Exercise: Scan the records below for the line with "SHIPS any「SHIPS any:〈洗濯機可能〉シアー" and the line with "iPhone 15 Plus". Repeat those two lines and every line between them exactly, and nothing else.

======== Provided information

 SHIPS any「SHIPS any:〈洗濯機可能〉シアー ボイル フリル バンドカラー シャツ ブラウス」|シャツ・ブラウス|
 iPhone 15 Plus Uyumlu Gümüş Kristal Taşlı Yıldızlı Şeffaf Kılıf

================
======== Provided information

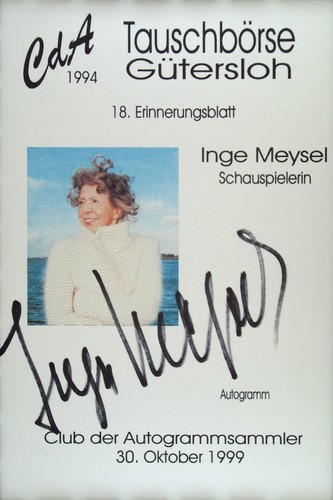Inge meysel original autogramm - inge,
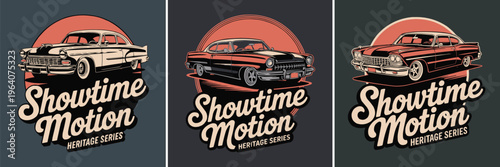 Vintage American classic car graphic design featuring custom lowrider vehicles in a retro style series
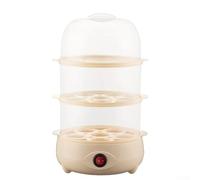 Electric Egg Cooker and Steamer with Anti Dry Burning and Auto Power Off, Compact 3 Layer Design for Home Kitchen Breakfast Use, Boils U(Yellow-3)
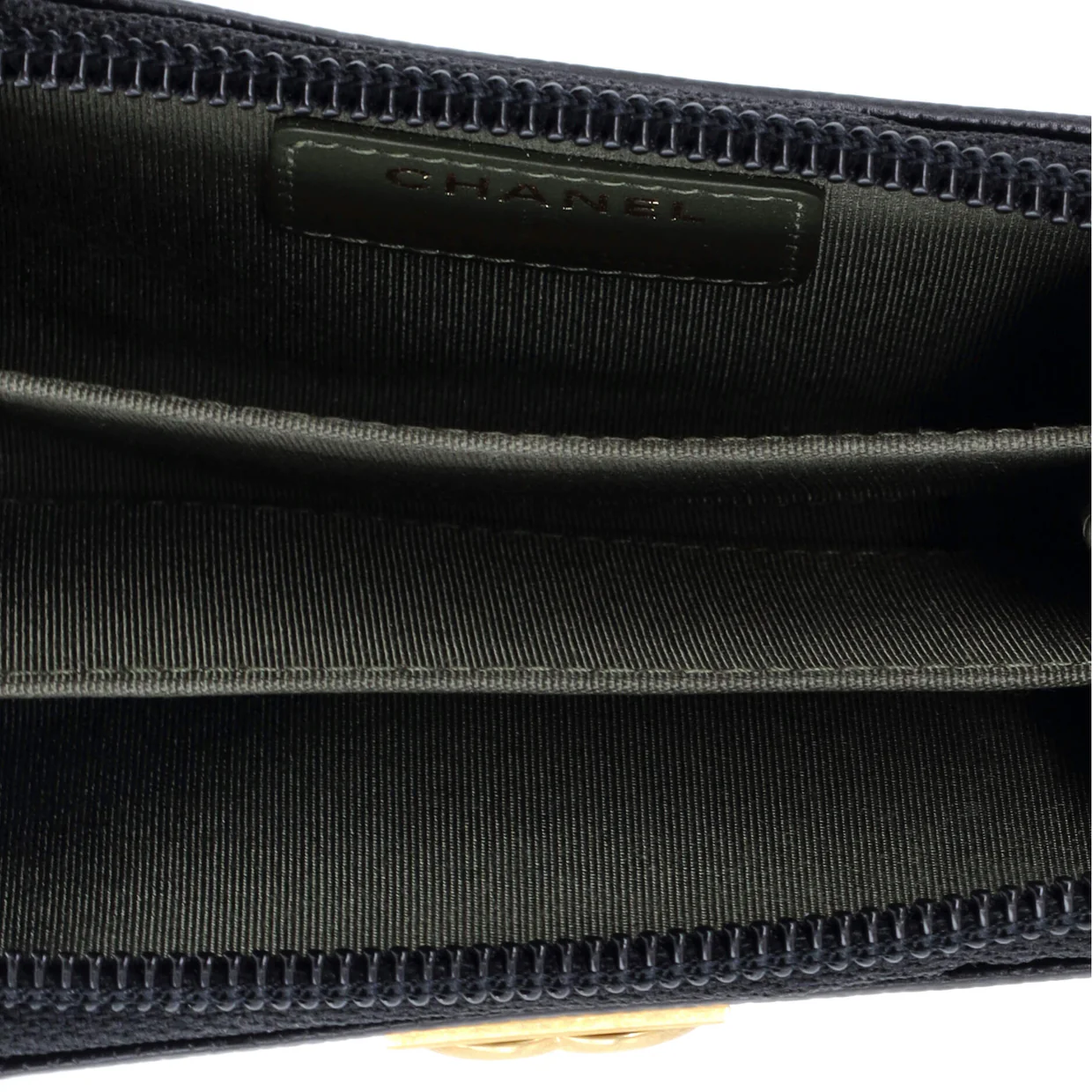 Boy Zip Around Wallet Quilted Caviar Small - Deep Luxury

================

Solution to this task:
 SHIPS any「SHIPS any:〈洗濯機可能〉シアー ボイル フリル バンドカラー シャツ ブラウス」|シャツ・ブラウス|
 iPhone 15 Plus Uyumlu Gümüş Kristal Taşlı Yıldızlı Şeffaf Kılıf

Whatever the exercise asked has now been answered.